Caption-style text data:
-- Opening Marker --
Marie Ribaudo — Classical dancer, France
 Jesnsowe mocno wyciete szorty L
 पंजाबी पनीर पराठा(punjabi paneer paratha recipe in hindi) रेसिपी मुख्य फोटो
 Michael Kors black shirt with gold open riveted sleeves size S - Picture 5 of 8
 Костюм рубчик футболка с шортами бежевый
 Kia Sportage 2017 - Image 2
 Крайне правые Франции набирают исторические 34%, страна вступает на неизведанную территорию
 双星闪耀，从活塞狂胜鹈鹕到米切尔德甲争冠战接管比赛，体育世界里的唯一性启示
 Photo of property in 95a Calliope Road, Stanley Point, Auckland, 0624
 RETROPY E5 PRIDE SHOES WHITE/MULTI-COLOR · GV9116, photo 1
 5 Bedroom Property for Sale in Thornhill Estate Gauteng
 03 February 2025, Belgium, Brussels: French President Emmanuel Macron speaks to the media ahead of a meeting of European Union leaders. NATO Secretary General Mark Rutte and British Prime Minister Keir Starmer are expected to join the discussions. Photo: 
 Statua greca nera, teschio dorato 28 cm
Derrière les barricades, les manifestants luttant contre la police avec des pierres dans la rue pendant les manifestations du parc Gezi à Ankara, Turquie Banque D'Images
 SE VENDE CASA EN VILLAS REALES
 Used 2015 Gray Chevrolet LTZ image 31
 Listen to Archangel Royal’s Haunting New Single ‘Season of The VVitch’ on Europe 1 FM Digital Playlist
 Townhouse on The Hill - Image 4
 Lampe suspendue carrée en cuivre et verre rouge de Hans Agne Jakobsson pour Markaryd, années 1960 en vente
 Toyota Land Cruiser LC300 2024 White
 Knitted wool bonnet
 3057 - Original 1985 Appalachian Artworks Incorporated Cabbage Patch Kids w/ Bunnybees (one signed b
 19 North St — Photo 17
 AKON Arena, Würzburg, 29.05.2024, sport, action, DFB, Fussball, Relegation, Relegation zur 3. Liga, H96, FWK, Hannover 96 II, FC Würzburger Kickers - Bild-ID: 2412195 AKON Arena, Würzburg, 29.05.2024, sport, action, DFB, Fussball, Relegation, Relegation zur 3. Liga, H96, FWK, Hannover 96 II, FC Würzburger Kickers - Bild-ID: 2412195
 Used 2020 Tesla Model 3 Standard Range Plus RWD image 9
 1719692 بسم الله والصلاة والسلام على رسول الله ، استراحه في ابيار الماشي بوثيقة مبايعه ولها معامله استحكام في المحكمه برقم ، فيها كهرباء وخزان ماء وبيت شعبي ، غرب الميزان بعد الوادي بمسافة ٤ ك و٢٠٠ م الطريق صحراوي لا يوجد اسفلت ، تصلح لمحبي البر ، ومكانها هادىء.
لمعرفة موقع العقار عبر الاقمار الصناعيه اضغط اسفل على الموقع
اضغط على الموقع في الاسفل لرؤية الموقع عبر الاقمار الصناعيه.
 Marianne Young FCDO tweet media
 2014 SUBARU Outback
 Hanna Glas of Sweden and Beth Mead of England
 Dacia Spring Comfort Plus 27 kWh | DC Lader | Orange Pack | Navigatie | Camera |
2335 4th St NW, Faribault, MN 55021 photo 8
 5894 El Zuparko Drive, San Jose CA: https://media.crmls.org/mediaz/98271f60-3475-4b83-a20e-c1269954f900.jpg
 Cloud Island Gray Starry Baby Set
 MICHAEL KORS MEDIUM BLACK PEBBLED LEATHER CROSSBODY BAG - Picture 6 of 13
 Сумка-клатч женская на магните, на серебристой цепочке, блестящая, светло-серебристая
-- Closing Marker --
## What is required
Using the data above, count the lines that include "الاقمار" and write the number alone.

## Written answer
2